*Instructions to follow:*
What are the lines from the one containing "SALE コロンビア スポーツウェア" through the last line of the records below? Return them exactly, leaving out pictures.

*Data section:*
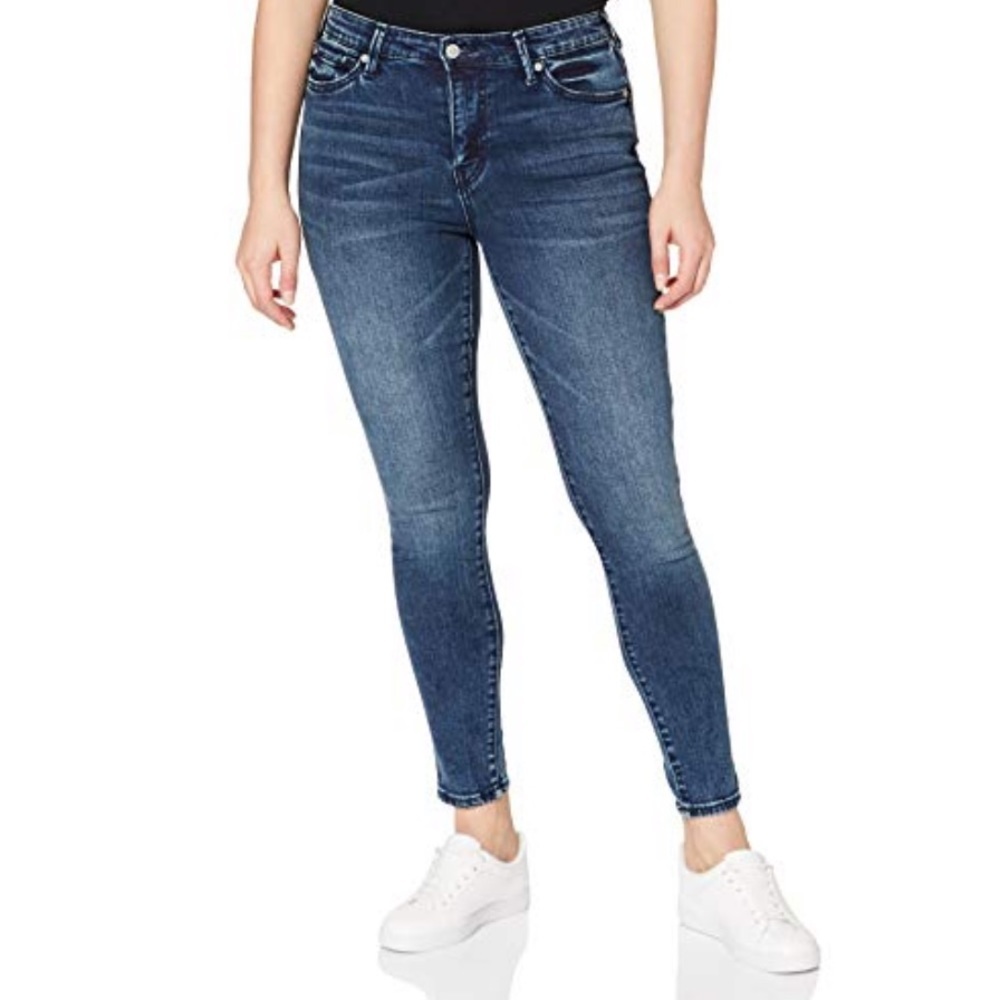 True Religion women’s Jennie Mid Rise Curvy Skinny Fit Jeans Sz 24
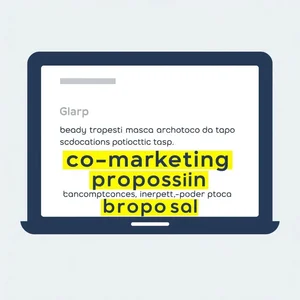 공동 마케팅 제안 이메일 작성법과 성공적인 접근법 Co-marketing Proposal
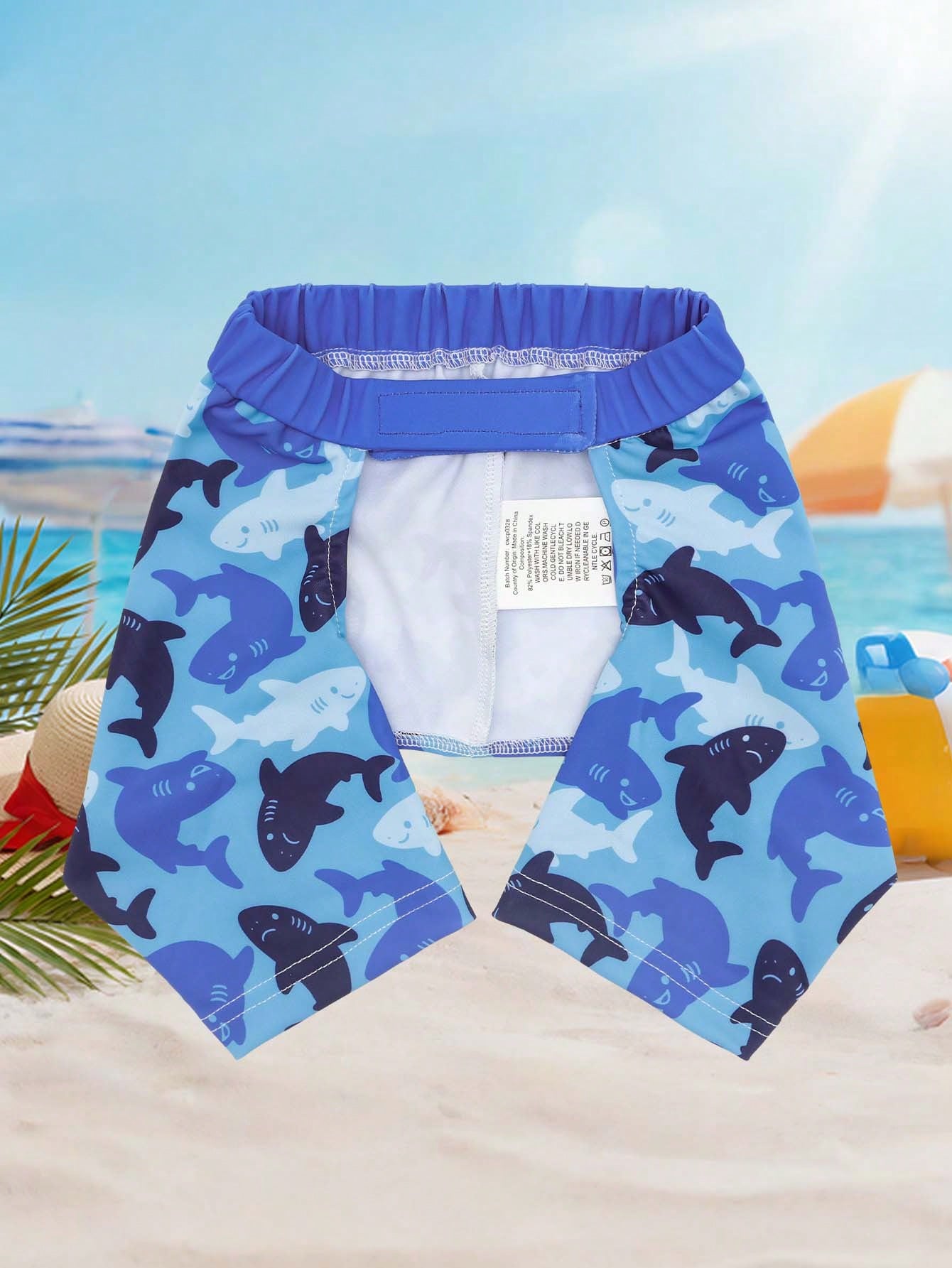 1pc Durable & Comfortable Dog Swimming Shorts- Quick Dry, Adjustable Waist Swim Trunks With UV Protection Function- Ideal For Beach, Pool And Outdoor Activities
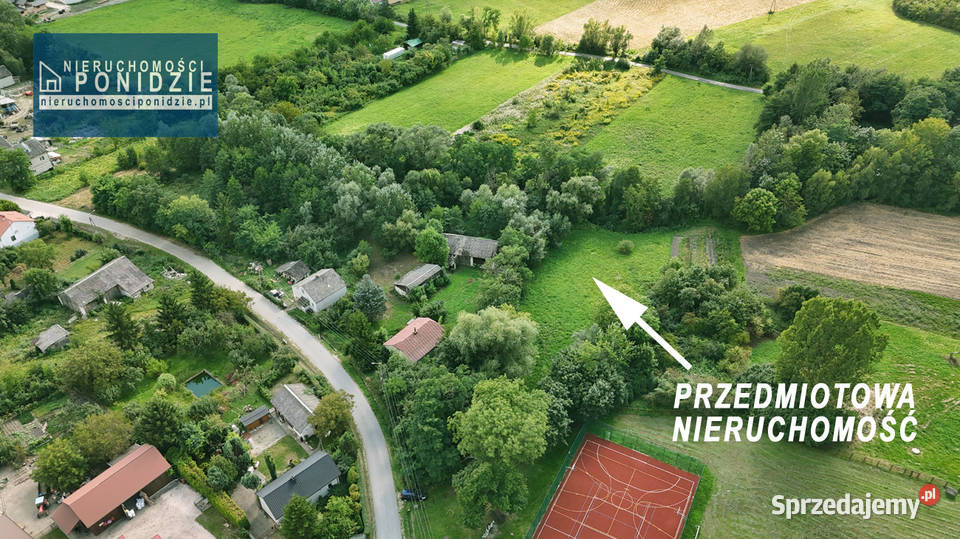 Działka budowlana strumykiem Zborów SolecZdrój Solec-Zdrój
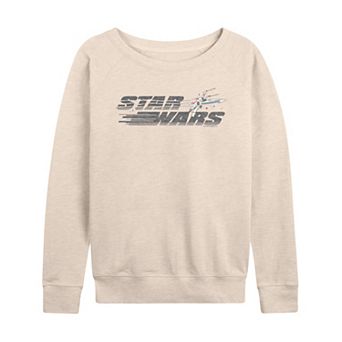 Women's Star Wars X-Wing Distressed French Terry Long Sleeve Tee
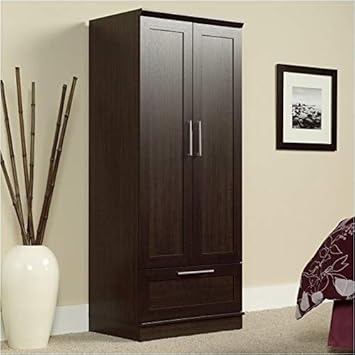 Amazon Com Pemberly Row Wardrobe Armoire Storage Cabinet With 1 Drawer And Garment Rod In Dakota Oak Finish Furniture Decor Amazon Com Pemberly Row Wardrobe Armoire Storage Cabinet With 1 Drawer And Garment Rod In Dakota Oak Finish Furniture Decor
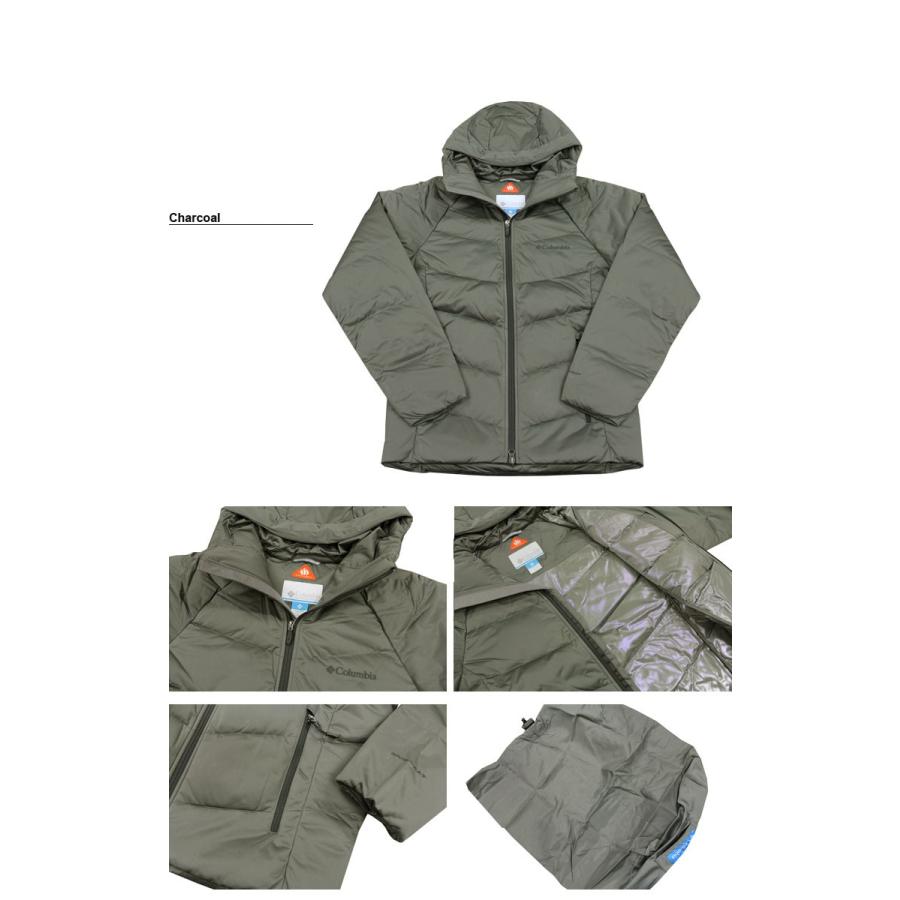 SALE コロンビア スポーツウェア Columbia WRIGHTSON PEAK HOODIE DOWN JACKET ライトソンピーク フーディ ダウン ジャケット ネイビー グレー ブラック｜rifflepage｜02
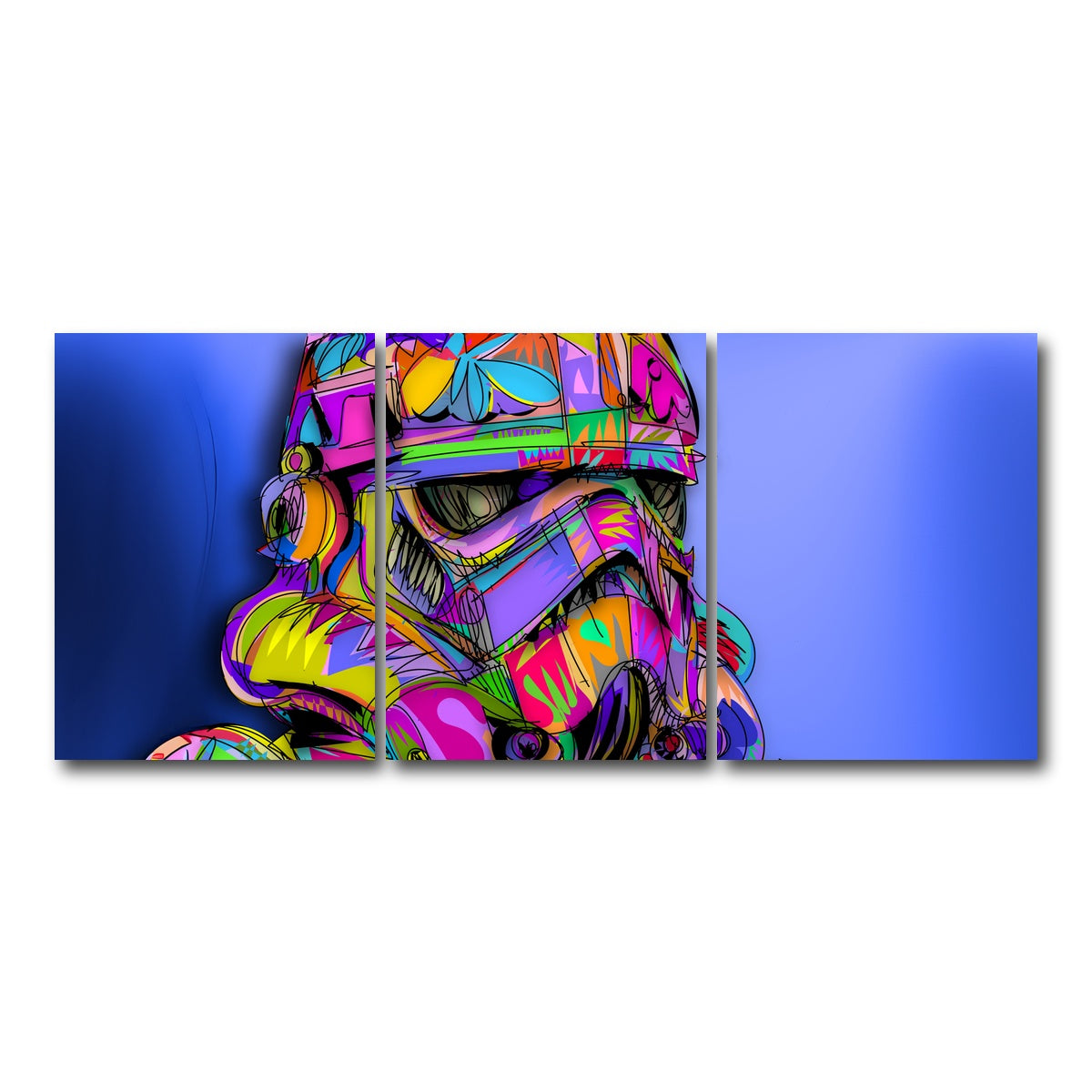 AUTO-MOCKUP WHITE | STORMTROOPER Color | 3 Piece | Gallery Wrap Canvas | group=18x24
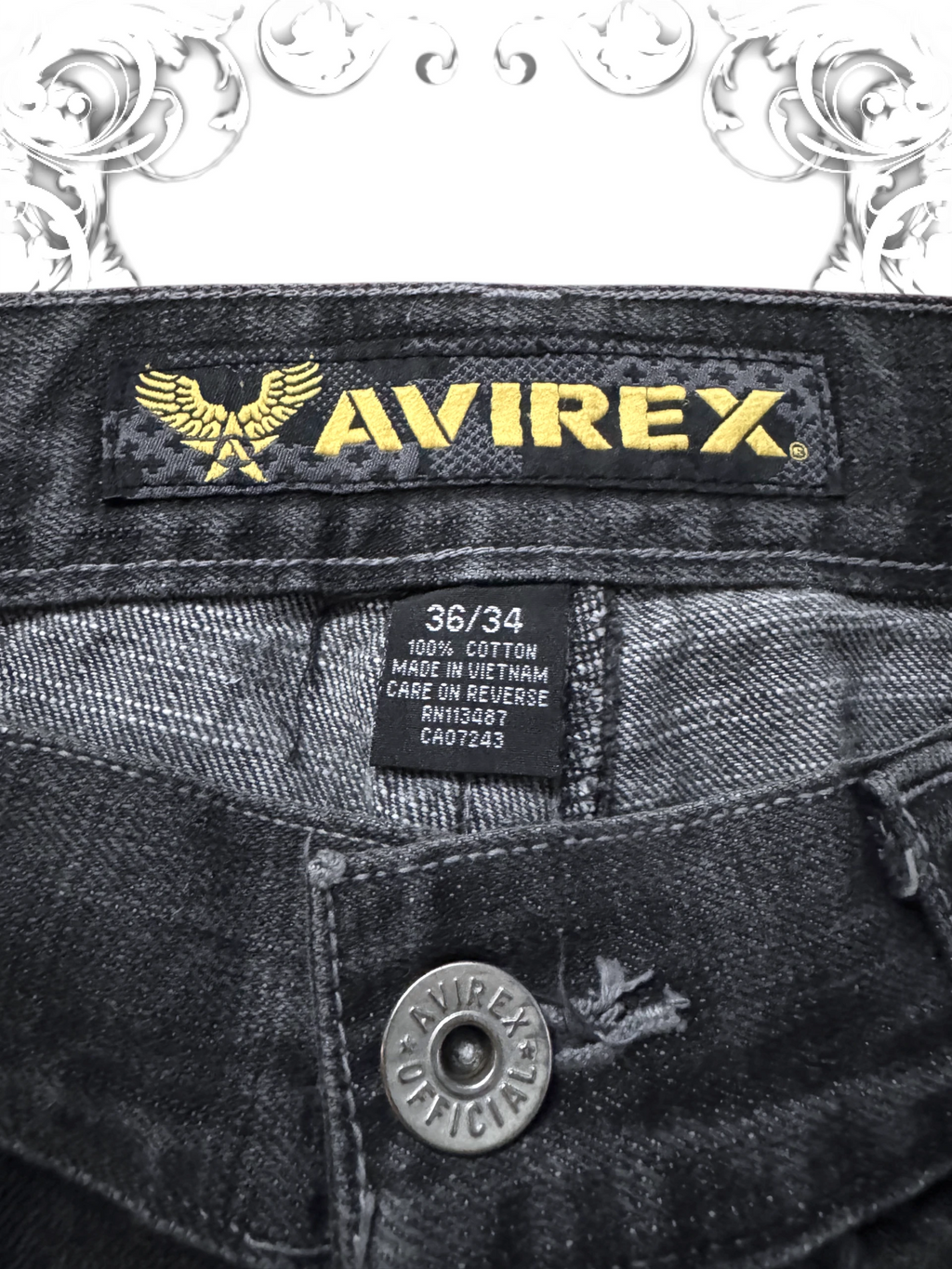 Avirex 2000s Basic Baggy Pants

*Your solution:*
 SALE コロンビア スポーツウェア Columbia WRIGHTSON PEAK HOODIE DOWN JACKET ライトソンピーク フーディ ダウン ジャケット ネイビー グレー ブラック｜rifflepage｜02
 AUTO-MOCKUP WHITE | STORMTROOPER Color | 3 Piece | Gallery Wrap Canvas | group=18x24
 Avirex 2000s Basic Baggy Pants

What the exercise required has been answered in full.